* [Problem details]:
Only some lines are wanted. Transcribe, exactly, the lines below from the line with "Overdoor Heater 2kW" up to and including the line with "Cristo crocifisso (croce".

·····

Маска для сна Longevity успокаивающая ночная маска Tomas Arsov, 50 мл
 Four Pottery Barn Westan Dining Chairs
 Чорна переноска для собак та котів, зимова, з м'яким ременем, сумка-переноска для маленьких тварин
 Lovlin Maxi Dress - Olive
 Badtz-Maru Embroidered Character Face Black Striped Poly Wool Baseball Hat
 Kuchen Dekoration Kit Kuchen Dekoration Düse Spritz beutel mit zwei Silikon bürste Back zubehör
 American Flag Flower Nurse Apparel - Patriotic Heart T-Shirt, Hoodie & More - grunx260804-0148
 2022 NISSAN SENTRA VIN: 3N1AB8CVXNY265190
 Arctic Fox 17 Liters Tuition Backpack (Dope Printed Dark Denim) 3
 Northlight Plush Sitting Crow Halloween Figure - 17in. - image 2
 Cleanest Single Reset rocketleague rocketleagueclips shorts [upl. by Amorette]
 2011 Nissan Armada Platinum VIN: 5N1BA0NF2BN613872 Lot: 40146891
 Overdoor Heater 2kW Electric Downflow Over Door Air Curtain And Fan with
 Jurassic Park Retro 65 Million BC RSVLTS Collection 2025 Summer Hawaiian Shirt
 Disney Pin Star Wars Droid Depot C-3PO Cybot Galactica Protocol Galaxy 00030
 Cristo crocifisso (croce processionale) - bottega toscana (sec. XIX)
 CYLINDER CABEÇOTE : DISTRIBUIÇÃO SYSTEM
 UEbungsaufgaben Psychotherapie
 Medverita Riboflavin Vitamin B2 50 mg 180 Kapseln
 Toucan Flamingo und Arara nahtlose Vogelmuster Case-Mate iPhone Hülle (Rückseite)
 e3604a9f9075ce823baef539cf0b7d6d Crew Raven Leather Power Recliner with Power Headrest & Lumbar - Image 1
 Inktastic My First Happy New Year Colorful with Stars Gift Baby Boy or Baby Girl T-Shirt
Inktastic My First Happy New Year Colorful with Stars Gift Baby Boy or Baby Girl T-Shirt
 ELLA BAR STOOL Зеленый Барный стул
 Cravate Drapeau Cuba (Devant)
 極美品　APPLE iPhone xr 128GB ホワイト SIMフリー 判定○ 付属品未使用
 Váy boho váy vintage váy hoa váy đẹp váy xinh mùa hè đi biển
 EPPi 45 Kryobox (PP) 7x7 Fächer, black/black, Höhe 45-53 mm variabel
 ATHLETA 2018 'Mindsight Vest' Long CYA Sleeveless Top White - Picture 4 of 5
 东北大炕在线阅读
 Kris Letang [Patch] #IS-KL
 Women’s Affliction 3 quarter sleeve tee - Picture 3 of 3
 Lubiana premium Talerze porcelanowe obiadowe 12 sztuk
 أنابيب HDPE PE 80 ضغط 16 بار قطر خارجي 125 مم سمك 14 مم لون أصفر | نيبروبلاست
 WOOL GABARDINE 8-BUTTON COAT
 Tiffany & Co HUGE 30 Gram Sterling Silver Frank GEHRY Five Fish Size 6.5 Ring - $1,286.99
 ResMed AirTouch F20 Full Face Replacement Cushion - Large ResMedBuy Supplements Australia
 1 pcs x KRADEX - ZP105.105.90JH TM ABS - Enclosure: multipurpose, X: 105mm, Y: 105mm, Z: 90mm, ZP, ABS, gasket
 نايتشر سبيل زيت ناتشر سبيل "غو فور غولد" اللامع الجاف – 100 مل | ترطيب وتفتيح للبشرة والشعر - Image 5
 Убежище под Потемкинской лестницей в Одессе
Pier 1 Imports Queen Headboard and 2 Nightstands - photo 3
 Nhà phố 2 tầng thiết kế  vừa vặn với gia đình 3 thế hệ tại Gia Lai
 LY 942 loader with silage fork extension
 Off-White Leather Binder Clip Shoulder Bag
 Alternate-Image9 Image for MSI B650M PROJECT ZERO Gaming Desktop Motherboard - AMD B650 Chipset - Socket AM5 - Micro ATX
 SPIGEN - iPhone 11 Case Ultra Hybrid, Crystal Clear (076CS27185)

·····

* [Response to this task]:
 Overdoor Heater 2kW Electric Downflow Over Door Air Curtain And Fan with
 Jurassic Park Retro 65 Million BC RSVLTS Collection 2025 Summer Hawaiian Shirt
 Disney Pin Star Wars Droid Depot C-3PO Cybot Galactica Protocol Galaxy 00030
 Cristo crocifisso (croce processionale) - bottega toscana (sec. XIX)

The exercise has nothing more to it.